Machine Learning

Introduction

Machine learning is a subfield of artificial intelligence (AI). The goal of machine learning generally is to understand the structure of data and fit that data into models that can be understood and utilized by people.

Although machine learning is a field within computer science, it differs from traditional computational approaches. In traditional computing, algorithms are sets of explicitly programmed instructions used by computers to calculate or problem solve. 

Machine learning algorithms instead allow for computers to train on data inputs and use statistical analysis in order to output values that fall within a specific range. Because of this, machine learning facilitates computers in building models from sample data in order to automate decision-making processes based on data inputs

Machine learning is a continuously developing field. Because of this, there are some considerations to keep in mind as you work with machine learning methodologies, or analyze the impact of machine learning processes.

Machine Learning Methods

In machine learning, tasks are generally classified into broad categories. These categories are based on how learning is received or how feedback on the learning is given to the system developed.

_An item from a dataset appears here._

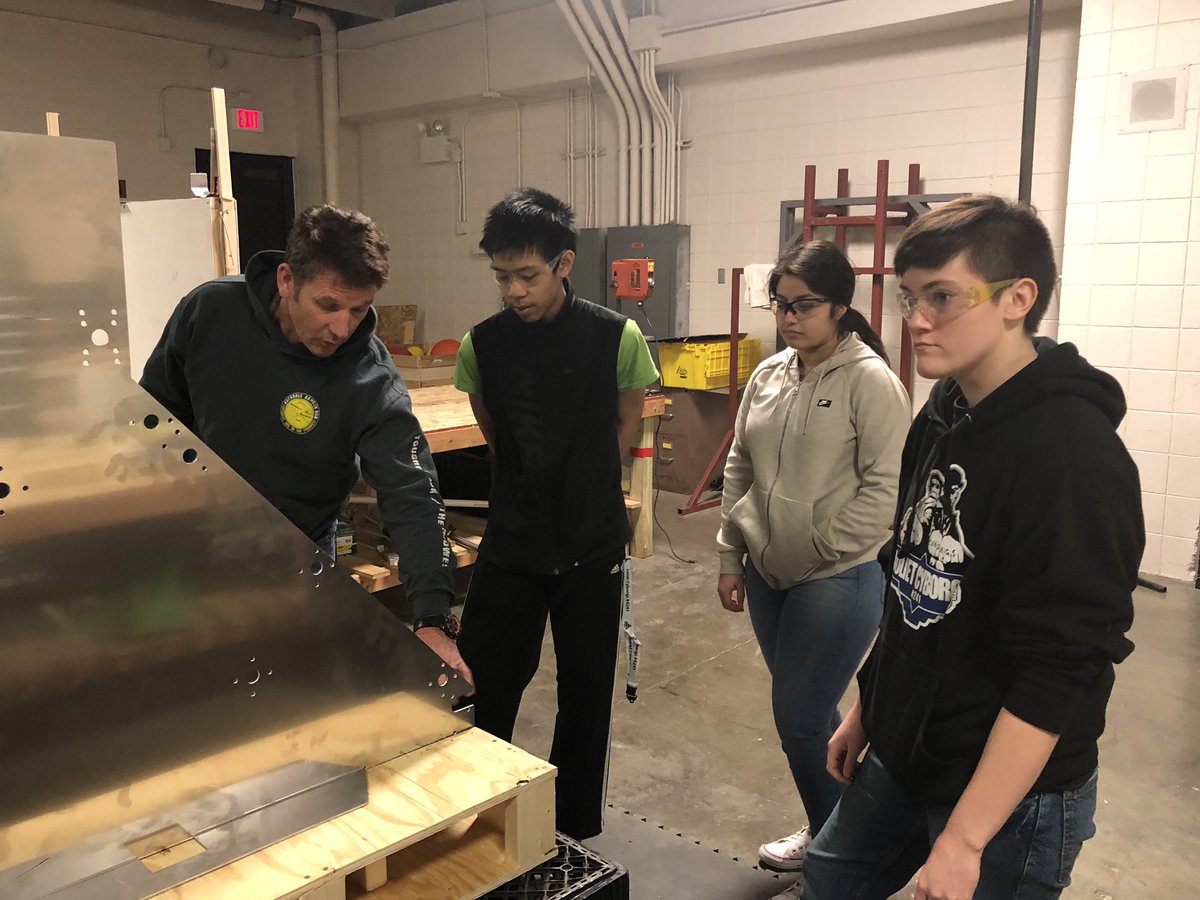 Build season week 6 day 2: Putting things together #Team4241 #FIRSTRobotics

Two of the most widely adopted machine learning methods are supervised learning which trains algorithms based on example input and output data that is labeled by humans, and unsupervised learning which provides the algorithm with no labeled data in order to allow it to find structure within its input data. Let’s explore these methods in more detail.

Human Biases

Although data and computational analysis may make us think that we are receiving objective information, this is not the case; being based on data does not mean that machine learning outputs are neutral. Human bias plays a role in how data is collected, organized, and ultimately in the algorithms that determine how machine learning will interact with that data.

If, for example, people are providing images for “fish” as data to train an algorithm, and these people overwhelmingly select images of goldfish, a computer may not classify a shark as a fish. This would create a bias against sharks as fish, and sharks would not be counted as fish.